===== Material provided =====

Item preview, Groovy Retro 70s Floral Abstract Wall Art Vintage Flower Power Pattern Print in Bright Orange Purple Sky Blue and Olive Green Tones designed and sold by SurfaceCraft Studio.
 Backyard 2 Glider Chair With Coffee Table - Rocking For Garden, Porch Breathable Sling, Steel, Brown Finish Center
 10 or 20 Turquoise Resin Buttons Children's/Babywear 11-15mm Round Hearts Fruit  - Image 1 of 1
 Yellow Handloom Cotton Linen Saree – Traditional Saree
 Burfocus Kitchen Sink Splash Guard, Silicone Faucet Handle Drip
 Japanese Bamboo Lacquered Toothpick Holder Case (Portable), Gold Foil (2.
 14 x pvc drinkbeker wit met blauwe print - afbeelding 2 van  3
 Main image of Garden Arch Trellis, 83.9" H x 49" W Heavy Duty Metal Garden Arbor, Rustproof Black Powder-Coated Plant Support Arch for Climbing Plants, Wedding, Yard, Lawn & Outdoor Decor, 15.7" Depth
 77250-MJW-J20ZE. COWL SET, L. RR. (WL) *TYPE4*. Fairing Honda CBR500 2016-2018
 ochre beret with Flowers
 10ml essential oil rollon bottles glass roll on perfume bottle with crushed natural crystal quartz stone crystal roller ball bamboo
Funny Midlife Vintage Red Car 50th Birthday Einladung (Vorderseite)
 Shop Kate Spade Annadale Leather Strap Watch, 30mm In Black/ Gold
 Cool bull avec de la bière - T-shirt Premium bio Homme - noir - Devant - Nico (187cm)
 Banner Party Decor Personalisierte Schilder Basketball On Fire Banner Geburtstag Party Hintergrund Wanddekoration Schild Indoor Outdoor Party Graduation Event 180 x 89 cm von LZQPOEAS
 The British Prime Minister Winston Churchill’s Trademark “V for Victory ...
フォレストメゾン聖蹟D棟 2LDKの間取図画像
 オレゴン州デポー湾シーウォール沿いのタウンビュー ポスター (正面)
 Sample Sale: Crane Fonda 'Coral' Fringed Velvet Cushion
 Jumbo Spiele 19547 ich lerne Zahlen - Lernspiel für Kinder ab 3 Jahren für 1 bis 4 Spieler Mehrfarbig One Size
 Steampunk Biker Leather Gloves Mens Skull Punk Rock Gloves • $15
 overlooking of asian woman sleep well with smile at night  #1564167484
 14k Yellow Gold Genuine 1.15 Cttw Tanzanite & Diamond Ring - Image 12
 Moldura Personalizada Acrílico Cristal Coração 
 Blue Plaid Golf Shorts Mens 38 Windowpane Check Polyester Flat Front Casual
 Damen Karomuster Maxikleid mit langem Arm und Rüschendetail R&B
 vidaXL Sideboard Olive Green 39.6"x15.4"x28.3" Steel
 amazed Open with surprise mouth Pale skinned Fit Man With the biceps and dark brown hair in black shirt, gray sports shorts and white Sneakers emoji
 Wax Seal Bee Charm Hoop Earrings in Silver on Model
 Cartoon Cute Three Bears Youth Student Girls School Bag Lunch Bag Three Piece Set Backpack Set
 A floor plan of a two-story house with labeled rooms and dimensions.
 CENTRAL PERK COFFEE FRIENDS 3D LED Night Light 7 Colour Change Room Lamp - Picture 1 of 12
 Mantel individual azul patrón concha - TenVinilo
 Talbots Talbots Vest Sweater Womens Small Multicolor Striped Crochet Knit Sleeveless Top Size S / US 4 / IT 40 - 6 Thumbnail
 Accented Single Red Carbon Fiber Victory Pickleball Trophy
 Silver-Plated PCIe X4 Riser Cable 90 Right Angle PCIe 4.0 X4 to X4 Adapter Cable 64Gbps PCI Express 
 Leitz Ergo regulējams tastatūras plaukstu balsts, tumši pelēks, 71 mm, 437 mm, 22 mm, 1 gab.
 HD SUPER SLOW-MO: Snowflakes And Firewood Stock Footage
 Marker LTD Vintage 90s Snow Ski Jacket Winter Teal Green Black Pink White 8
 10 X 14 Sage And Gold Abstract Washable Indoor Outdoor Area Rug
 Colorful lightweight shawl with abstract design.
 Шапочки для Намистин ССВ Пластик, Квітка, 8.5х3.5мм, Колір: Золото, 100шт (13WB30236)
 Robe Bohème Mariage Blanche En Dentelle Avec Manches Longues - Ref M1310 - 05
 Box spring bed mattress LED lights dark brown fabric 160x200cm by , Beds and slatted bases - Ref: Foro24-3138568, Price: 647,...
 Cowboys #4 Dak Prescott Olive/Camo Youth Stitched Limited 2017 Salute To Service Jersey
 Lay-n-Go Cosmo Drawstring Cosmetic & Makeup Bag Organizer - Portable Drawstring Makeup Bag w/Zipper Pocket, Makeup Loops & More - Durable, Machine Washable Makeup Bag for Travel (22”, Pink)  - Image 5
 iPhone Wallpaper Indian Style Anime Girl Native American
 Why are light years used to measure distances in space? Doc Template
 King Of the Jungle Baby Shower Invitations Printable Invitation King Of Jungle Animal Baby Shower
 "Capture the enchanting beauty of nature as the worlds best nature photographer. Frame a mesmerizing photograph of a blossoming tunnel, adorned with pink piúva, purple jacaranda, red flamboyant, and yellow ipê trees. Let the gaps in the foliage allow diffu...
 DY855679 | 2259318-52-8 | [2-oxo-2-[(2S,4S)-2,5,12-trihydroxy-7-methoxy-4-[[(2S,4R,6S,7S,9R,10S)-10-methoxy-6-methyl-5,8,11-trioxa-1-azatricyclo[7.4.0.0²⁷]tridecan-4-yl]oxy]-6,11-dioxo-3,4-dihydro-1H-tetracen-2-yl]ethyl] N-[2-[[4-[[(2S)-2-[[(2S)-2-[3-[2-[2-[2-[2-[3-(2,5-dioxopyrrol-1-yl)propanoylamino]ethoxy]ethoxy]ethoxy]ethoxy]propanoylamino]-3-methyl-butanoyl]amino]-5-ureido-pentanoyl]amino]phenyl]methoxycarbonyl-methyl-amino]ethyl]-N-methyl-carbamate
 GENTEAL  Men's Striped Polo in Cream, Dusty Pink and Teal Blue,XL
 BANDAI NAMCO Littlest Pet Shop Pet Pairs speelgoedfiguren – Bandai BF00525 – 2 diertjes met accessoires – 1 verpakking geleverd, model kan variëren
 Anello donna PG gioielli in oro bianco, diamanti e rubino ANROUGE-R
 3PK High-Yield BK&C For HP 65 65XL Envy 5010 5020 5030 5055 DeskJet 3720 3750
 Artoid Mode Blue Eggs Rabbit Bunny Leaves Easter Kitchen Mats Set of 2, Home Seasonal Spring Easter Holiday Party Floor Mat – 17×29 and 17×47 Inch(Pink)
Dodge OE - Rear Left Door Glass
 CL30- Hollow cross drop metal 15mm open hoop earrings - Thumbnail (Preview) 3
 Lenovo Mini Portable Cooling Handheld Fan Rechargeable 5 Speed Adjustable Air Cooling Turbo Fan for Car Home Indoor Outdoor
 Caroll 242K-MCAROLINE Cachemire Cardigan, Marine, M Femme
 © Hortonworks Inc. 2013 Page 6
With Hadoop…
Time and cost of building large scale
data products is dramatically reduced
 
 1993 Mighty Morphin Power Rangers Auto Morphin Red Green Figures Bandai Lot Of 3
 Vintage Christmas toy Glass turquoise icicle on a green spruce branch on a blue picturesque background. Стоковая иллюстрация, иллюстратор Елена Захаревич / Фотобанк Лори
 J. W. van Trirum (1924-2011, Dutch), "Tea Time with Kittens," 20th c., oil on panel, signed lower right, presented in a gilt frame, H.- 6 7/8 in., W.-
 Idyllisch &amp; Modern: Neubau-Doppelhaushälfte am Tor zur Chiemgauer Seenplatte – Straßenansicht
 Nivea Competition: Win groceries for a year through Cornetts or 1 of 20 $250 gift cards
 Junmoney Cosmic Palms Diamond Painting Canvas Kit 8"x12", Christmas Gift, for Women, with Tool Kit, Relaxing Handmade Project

=====

• **Task prompt**: Every line above that includes the word "Decor" should be listed.

• **Solution for this problem**:
 Main image of Garden Arch Trellis, 83.9" H x 49" W Heavy Duty Metal Garden Arbor, Rustproof Black Powder-Coated Plant Support Arch for Climbing Plants, Wedding, Yard, Lawn & Outdoor Decor, 15.7" Depth
 Banner Party Decor Personalisierte Schilder Basketball On Fire Banner Geburtstag Party Hintergrund Wanddekoration Schild Indoor Outdoor Party Graduation Event 180 x 89 cm von LZQPOEAS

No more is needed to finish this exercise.